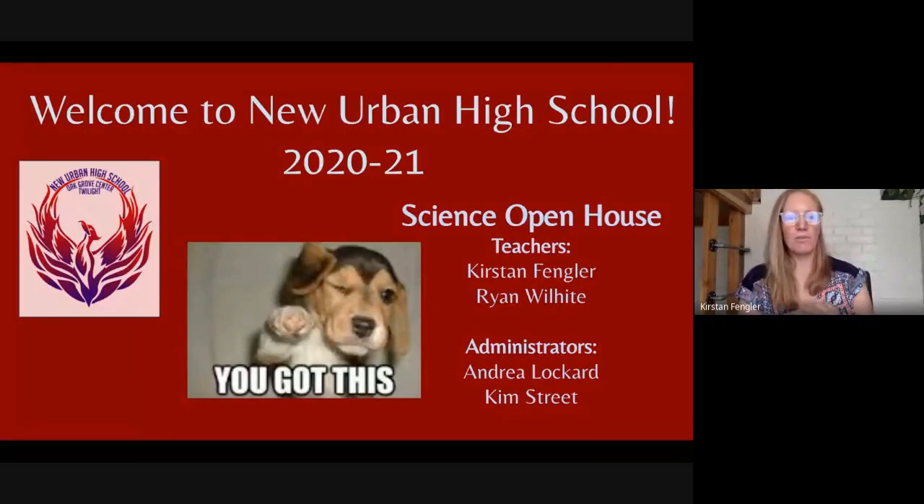Hello students, how are you? Welcome to our science open house. We are recording, so you're welcome to use your video cameras or not, either way. And if anyone misses anything on this presentation, we're recording it and you can watch it again later.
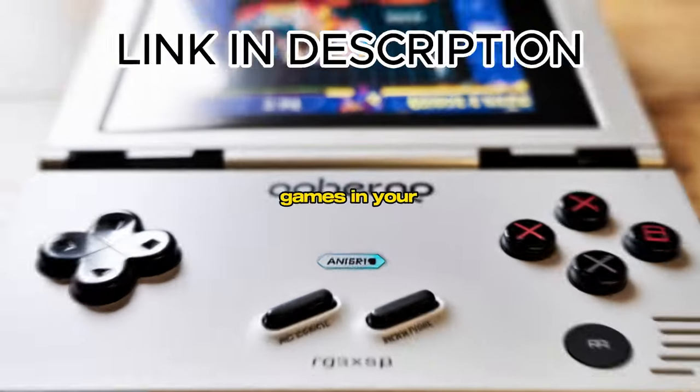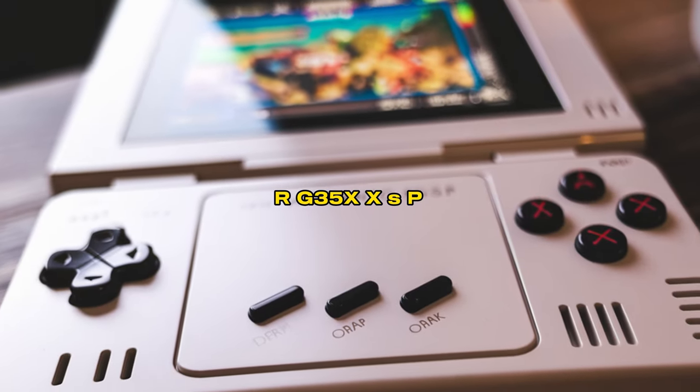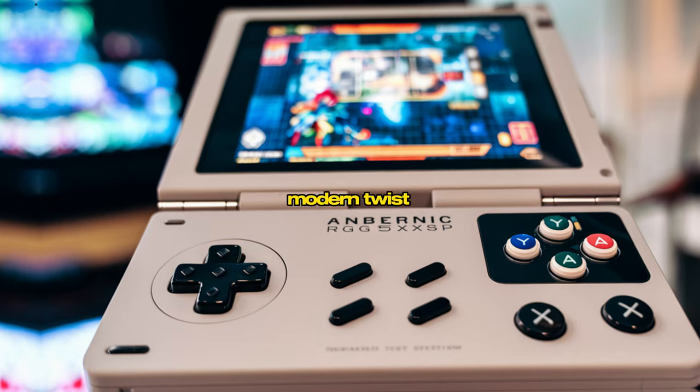What if you could carry your favorite childhood games in your pocket, ready to play anywhere, anytime? With the Ambernick RG35XXSP, you can do just that. This portable gaming console brings back the magic of retro games with a sleek, modern twist.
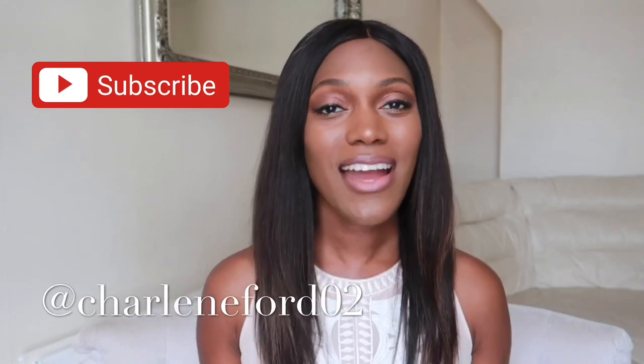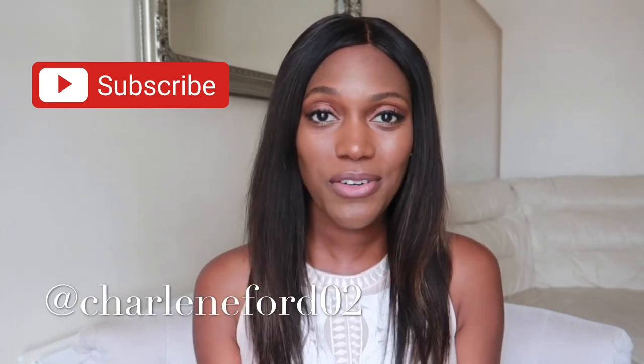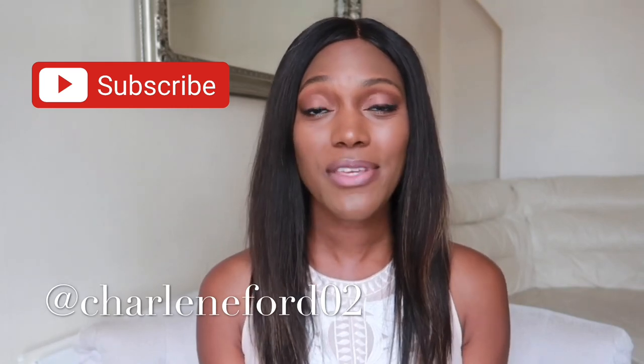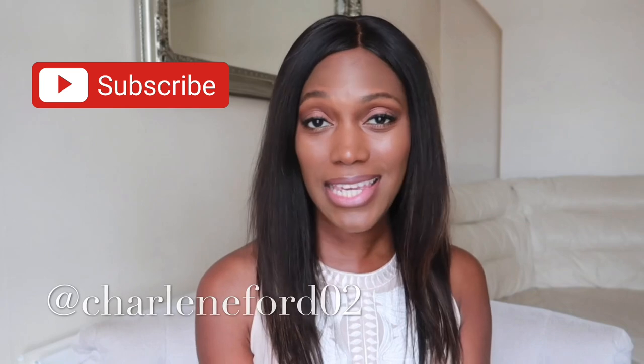Hello my darlings, welcome back to another video. I am Charlene — I review perfumes, share my favorite fragrances, and on this channel you'll find me talking about beauty, lifestyle, and my favorite thing, which is tea. I have four fragrances I'd like to share with you, and each one is going to represent a season. Let's get started — I'm going to begin with autumn because we are heading into autumn shortly.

Work task: Omit the pictures and output all of the other material exactly.

Response box:
Hello students, how are you? Welcome to our science open house. We are recording, so you're welcome to use your video cameras or not, either way. And if anyone misses anything on this presentation, we're recording it and you can watch it again later.
What if you could carry your favorite childhood games in your pocket, ready to play anywhere, anytime? With the Ambernick RG35XXSP, you can do just that. This portable gaming console brings back the magic of retro games with a sleek, modern twist.
Hello my darlings, welcome back to another video. I am Charlene — I review perfumes, share my favorite fragrances, and on this channel you'll find me talking about beauty, lifestyle, and my favorite thing, which is tea. I have four fragrances I'd like to share with you, and each one is going to represent a season. Let's get started — I'm going to begin with autumn because we are heading into autumn shortly.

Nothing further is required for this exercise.